▽

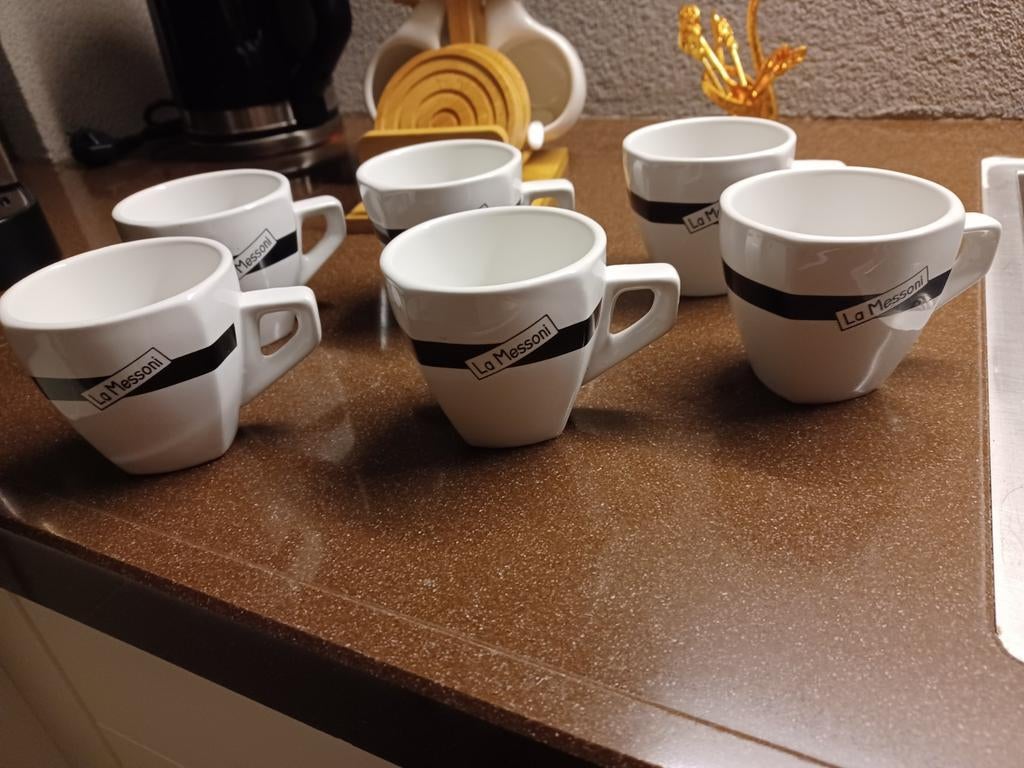 Set van 6 La Messoni koffiekopjes, Keramiek, Ophalen of Verzenden, Zo goed als nieuw, Effen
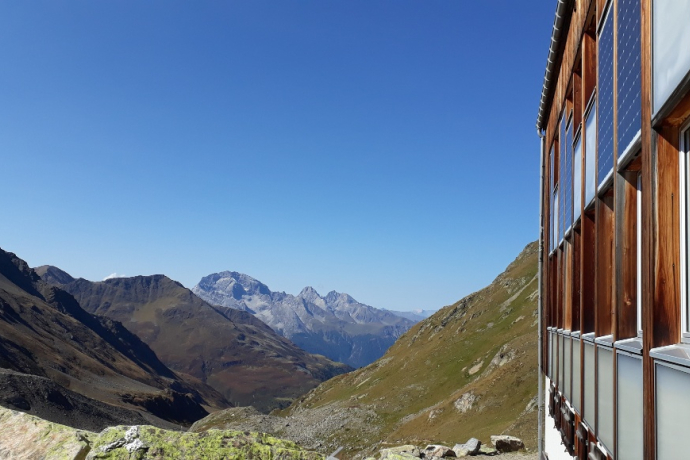 Blick von der Kesch-Hütte auf den Piz Ela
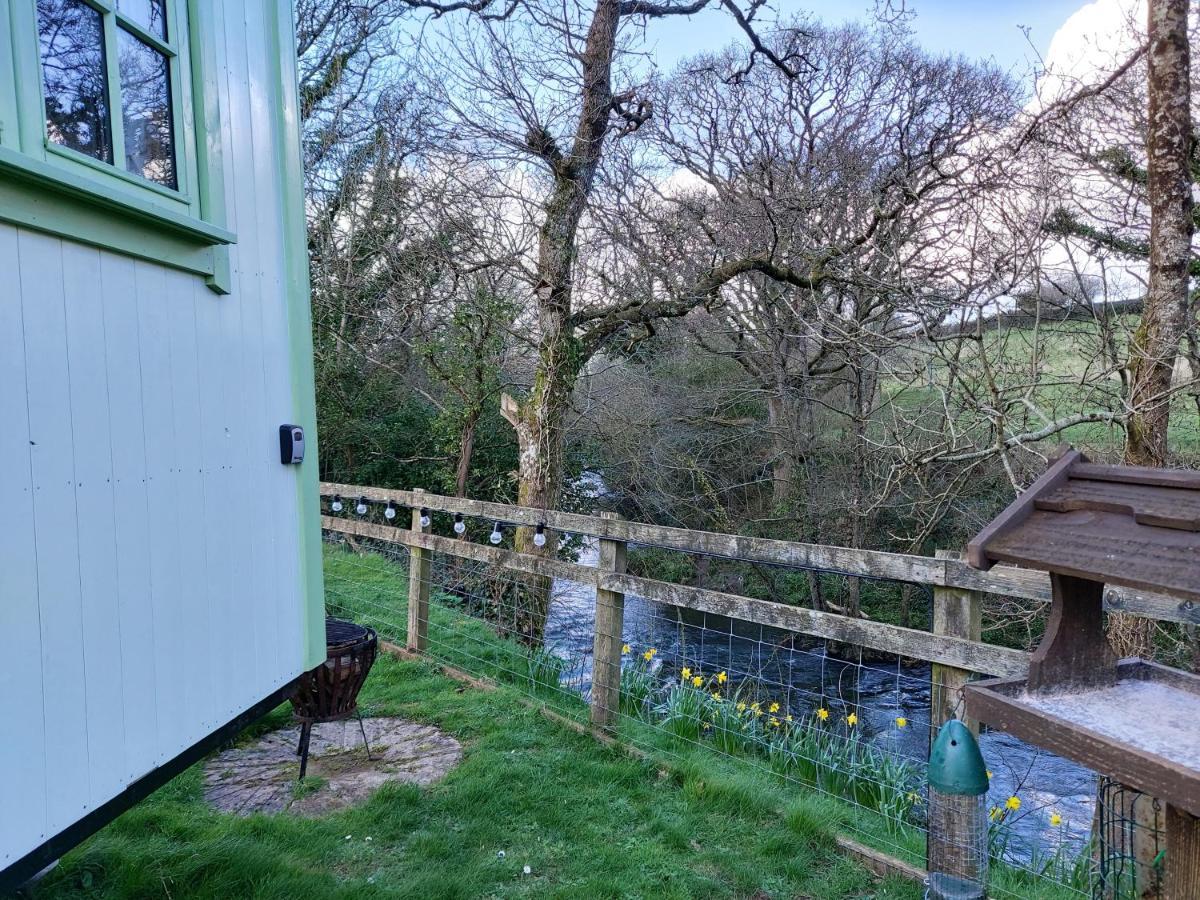 The Old Mill Shepherds Hut Okehampton Dış mekan fotoğraf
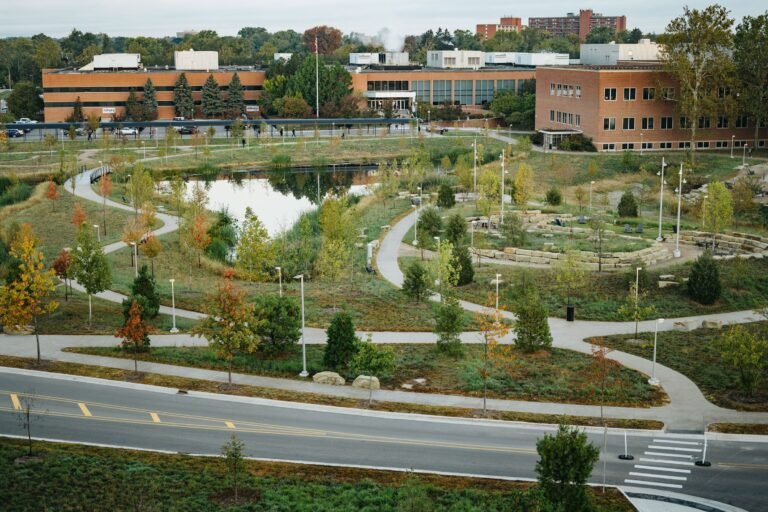 Opening of an Interconnected Engineering Central Headquarters for Automotive Teams and Spaces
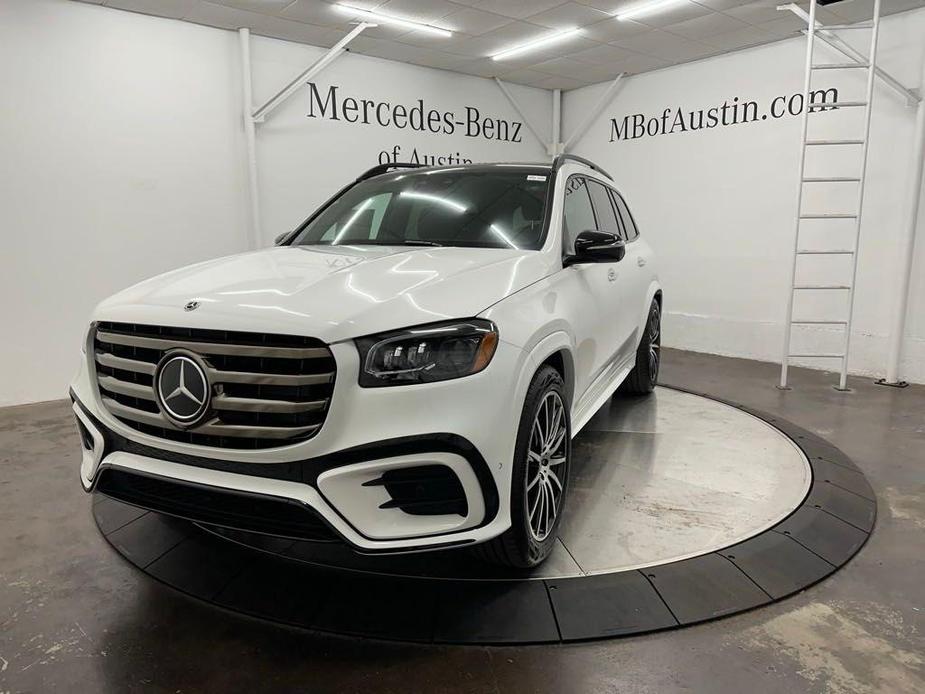 new 2025 Mercedes-Benz GLS 450 car, priced at $98,810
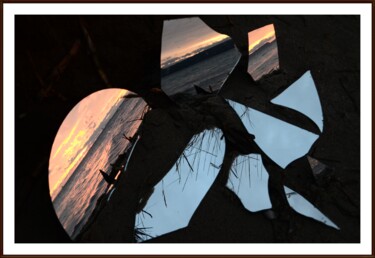 Fotografie mit dem Titel "reflections" von Kalender Atakul, Original-Kunstwerk, Analog Fotografie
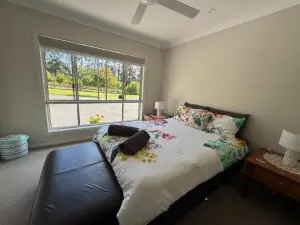 Farm Stay at Camellia Cottage Pet Friendly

△

Copy exactly, and only, the lines from the first entry through the line holding "new 2025 Mercedes-Benz", both ends included, leaving out every picture.

Your response:
 Set van 6 La Messoni koffiekopjes, Keramiek, Ophalen of Verzenden, Zo goed als nieuw, Effen
 Blick von der Kesch-Hütte auf den Piz Ela
 The Old Mill Shepherds Hut Okehampton Dış mekan fotoğraf
 Opening of an Interconnected Engineering Central Headquarters for Automotive Teams and Spaces
 new 2025 Mercedes-Benz GLS 450 car, priced at $98,810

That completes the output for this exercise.